MAHKEMESİ :Asliye Ceza Mahkemesi SUÇ : Dolandırıcılık HÜKÜM : TCK"nın 157/1, 62, 50 ve 52 maddeleri gereğince 7.000 TL ve 100 TL adli para cezası Onama (sanıklar Dilber ve Ahmet müdafiinin temyiz istemi)
Dosya incelenerek gereği düşünüldü: Sanık ..." ın katılan ..."e, on beş yıllık arkadaşı ve komşusu sanık ...’in çok miktarda Osmanlı zamanına ait altın bulduğunu ve uygun fiyattan elden çıkaracağını söylemesi üzerine katılanın numune olarak altın görmek istediği, açık kimliği saptanamayan ve ...olarak tanıtılan kişinin katılana numune olarak 10 adet altın verdiği, katılanın altınların gerçek olduğunu anlaması üzerine yaklaşık 2.500 adet altın için 40.000 TL’ye anlaştıkları, katılanın temin ettiği 40.000 TL ile birlikte yanında eski eşi tanık ..."i de alarak ilk önce sanık ..."le buluştukları,..."in katılanı ve tanığı Çine"ye getirdiği, burada sanıkların katılanı diğer sanık ... ile telefonda konuşturdukları ve katılanın güvenini kazandıkları, katılan ve eşinin parayı altını getireceklerini söyledikleri sanık ... ve ... isimli kişiye teslim ettikleri ancak sanıkların parayı alarak bir daha dönmedikleri ve telefonlarına ulaşılamadığı, böylece sanıkların birlikte dolandırıcılık suçunu işledikleri iddia ve kabul olunan somut olayda; 1-Katılan vekilinin tüm sanıkların mahkûmiyet hükümlerine yönelik temyiz isteğinin incelenmesinde; Katılanın yüzüne karşı verilen mahkûmiyet hükmünde gerekçeli kararın katılan vekiline tebliği, temyiz için yeni bir süre başlatmayacağında yasal süresi geçtikten sonra katılan vekilinin yaptığı 11.02.2013 tarihli temyiz inceleme başvurusunun, 5320 sayılı Kanun’un 8/1. maddesi gereğince uygulanması gereken 1412 sayılı CMUK"nın 317. maddesi uyarınca REDDİNE, 2-Sanıklar ... ve ... müdafiinin bu sanıklar hakkındaki mahkûmiyet hükümlerine yönelik temyiz istemine gelince; Sanıkların birlikte hareket ederek altın getirme bahanesiyle 40.000 TL’yi katılandan alarak bir daha dönmedikleri ve telefonlarına da ulaşılamadığı anlaşıldığından dolandırıcılık suçunun oluştuğuna yönelik kabulde bir isabetsizlik görülmemiştir.

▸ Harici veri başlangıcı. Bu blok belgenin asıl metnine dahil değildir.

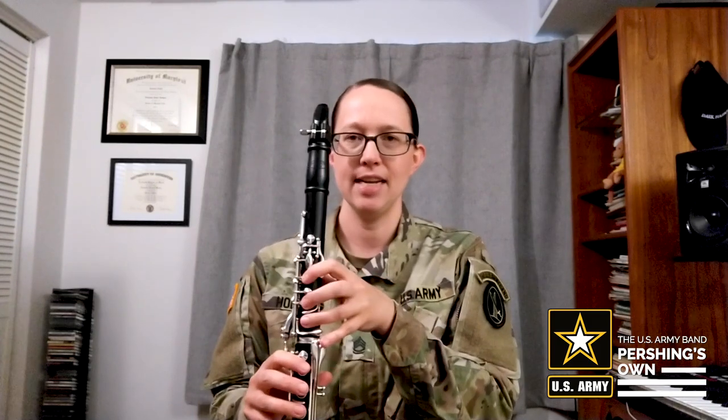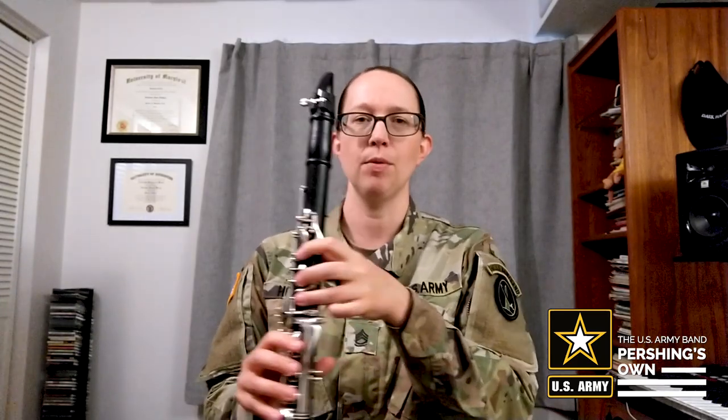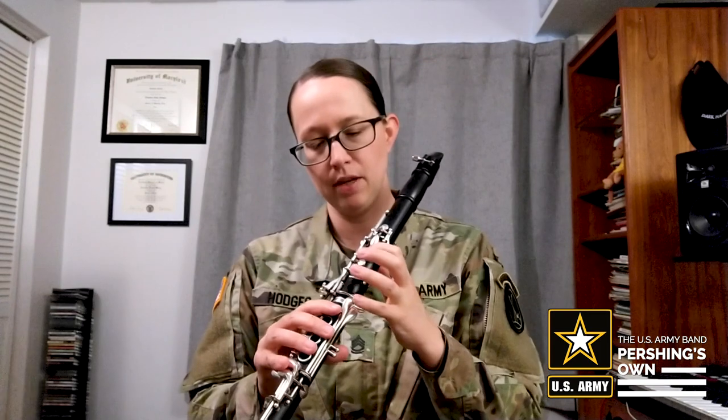Now the second part of the song is going to be C, C, C, C, D, D, D, D. Let's go ahead and try that. Starting with all of your fingers covered, you want to make sure that every hole is completely covered. If something is just slightly uncovered, it's going to cause a squeak or the note to not speak. All right, here we go for the next part.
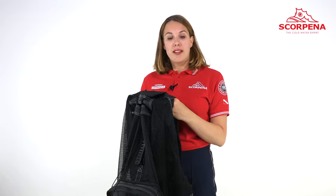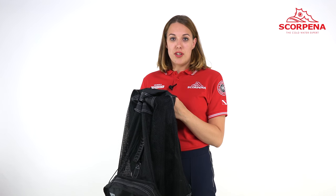The backpack itself is well made and can be easily used for snorkeling, spearfishing, or diving.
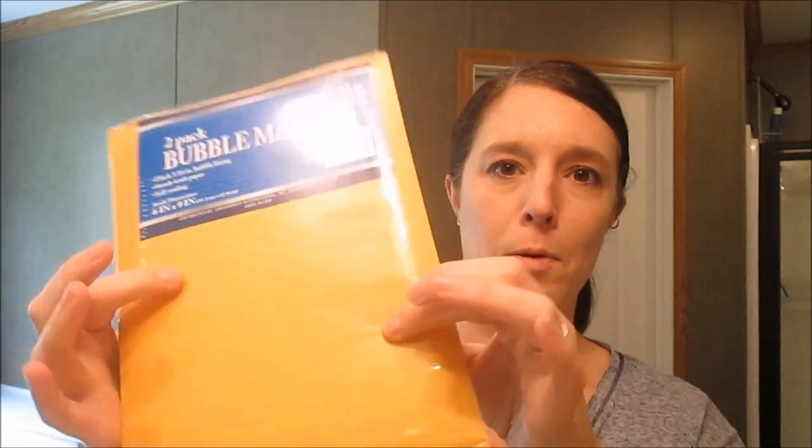Let's start off with a boring one. I got this two-pack of bubble mailers — the little envelopes with the bubble wrap stuff inside. I have a couple things I need to mail, one in particular to a fellow YouTube mommy friend. You get two for a dollar — that's not bad.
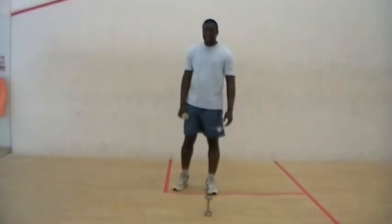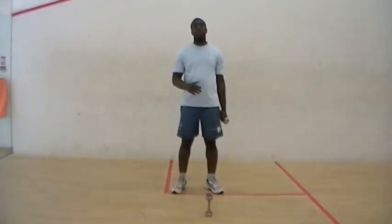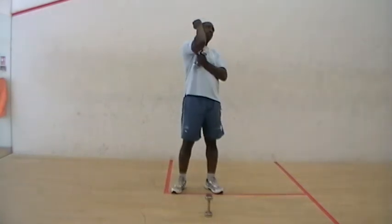Ready? Yep. What we're going to do is make a single arm tricep press. Okay. And what it works is the forearms and triceps.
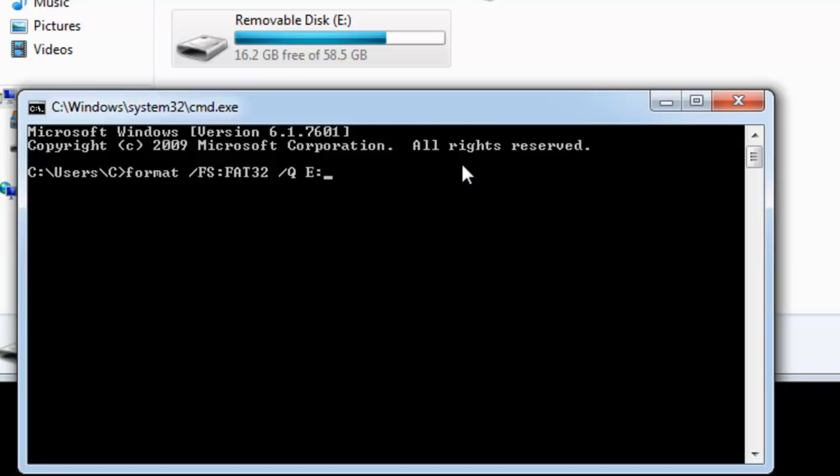Your drive may be a completely different letter. Make sure that you've typed in the letter that corresponds with the icon that you wrote down the details for earlier. Now, before you proceed, you must be aware that formatting a USB drive will wipe everything off of the drive. You will not be able to retrieve any information from the drive. So before you do this, please ensure you have a backup copy of anything on your USB drive.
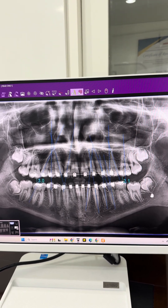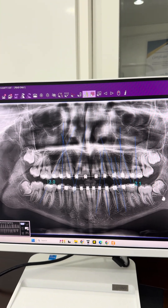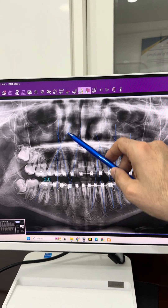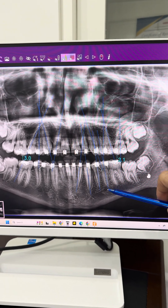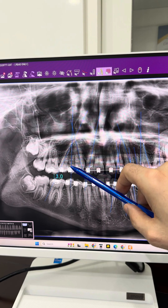We did the x-ray and the mother was surprised about the mistakes we found. We can see the wrong tipping — almost all the roots are in contact, while the roots should be parallel. This is very important.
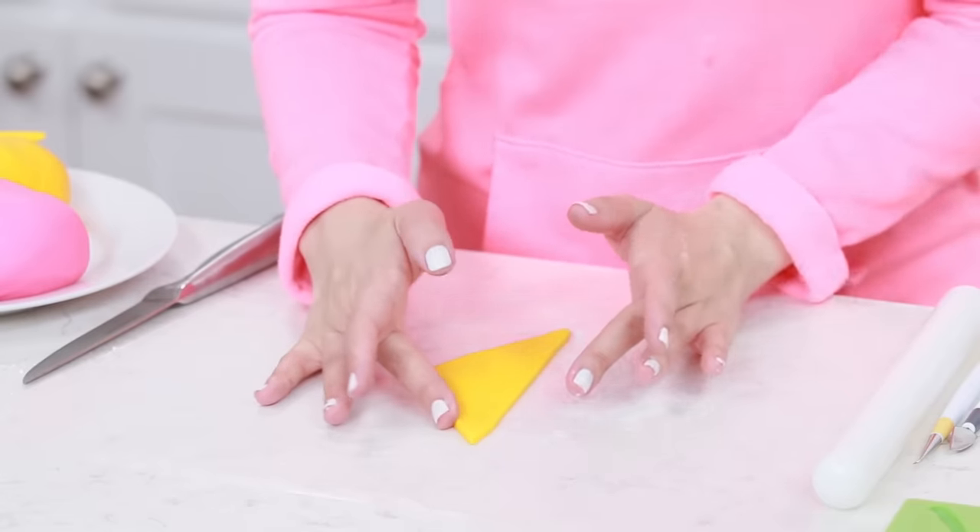Ta-da! Here's the Shopkins Cupcake Queen cake that we made today — she is so cute! A big thank you to you all for suggesting something Shopkins! This is the first time I've ever made something Shopkins, and it is the first time that we've ever made a homemade apple cake before on Nerdy Nummies — so that was pretty cool! I'll be taking lots of pictures of this cute cake and putting them on Tumblr, Facebook, Instagram, and Twitter. And if you guys make this cake, please take a picture and send it to me! I love seeing your baking creations. If you have any other ideas for Nerdy Nummies, please let me know — leave me a comment down below and I will do my best to make it happen! Thanks again! Bye-bye!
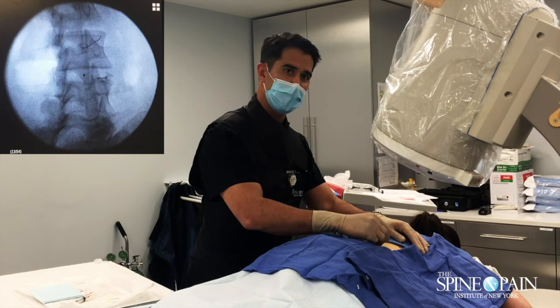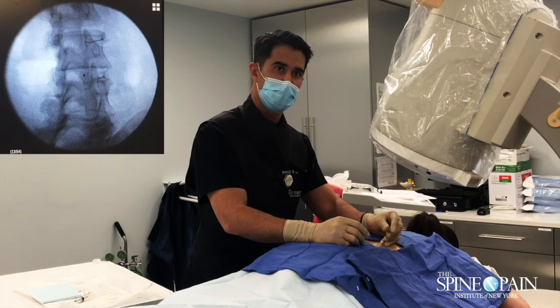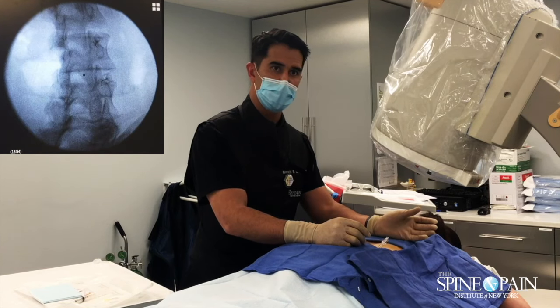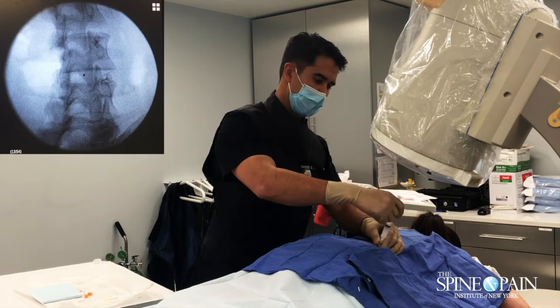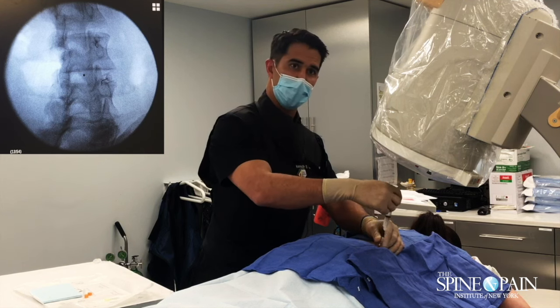Almost done. The end point of our needle is the bone, and you can see at that level where that is. A little bit of medication — that is numbing that nerve, that innervated joint.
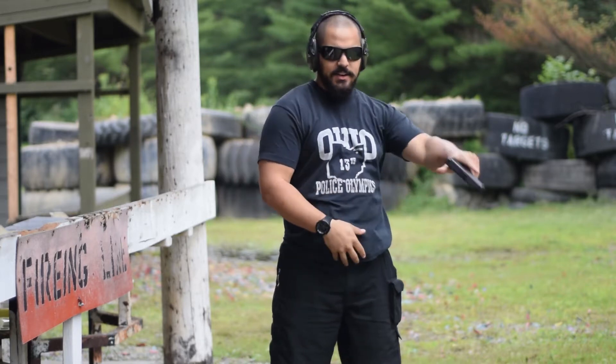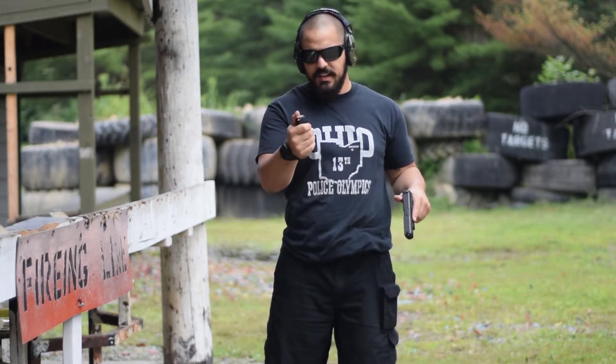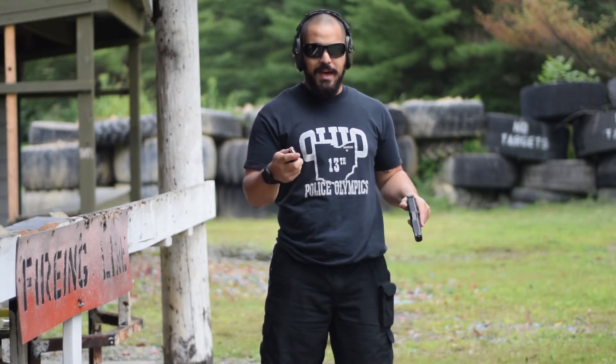Hey guys, Dave Moore at DaveMoore.com. As a lot of you know, it is good to test your carry ammo. So I got my new Glock 19 here and I'm going to test out some Speer Gold Dot 115 grain, which is not my ideal round, but that's what the store has. That's what I got. So 115 grain Gold Dot, I'm just going to run a mag through it and make sure that it works beautifully.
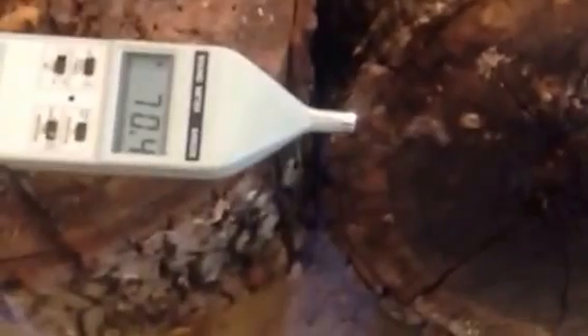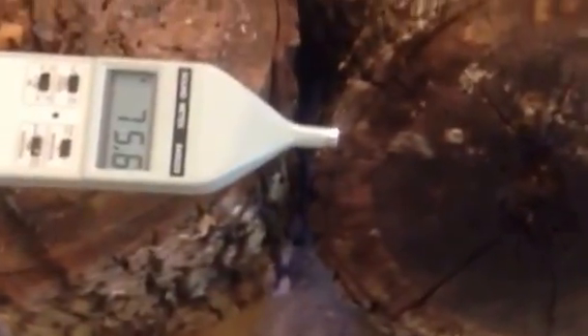Okay, we got our sound meter here. It's set up — it's set to a minimum of 80 to 130 decibels.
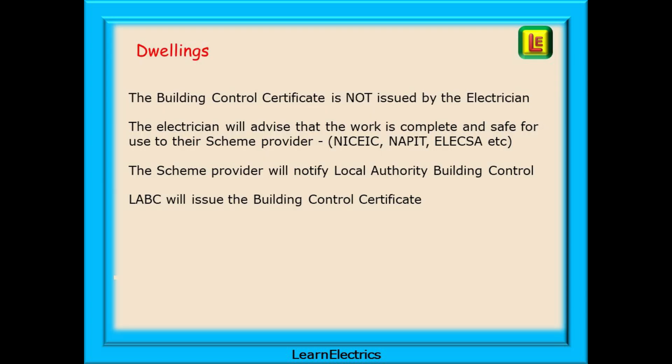Back to dwellings then. The Building Control Certificate or Part P Certificate is not issued by the electrician. The electrician will start the process by advising that the work is complete and safe for use to their scheme provider — NIC EIC, NAPIT, ELEXA, etc. — and it is then the scheme provider that will notify the Local Authority Building Control, or LABC. LABC will then issue the Building Control Certificate.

Yapılan yargılamaya, toplanıp karar yerinde gösterilen delillere, mahkemenin kovuşturma sonuçlarına uygun olarak oluşan kanaat ve takdirine, incelenen dosya kapsamına göre, sanıklar müdafiinin yerinde görülmeyen temyiz itirazlarının reddiyle hükümlerin ONANMASINA, 14.04.2016 tarihinde oybirliği ile karar verildi.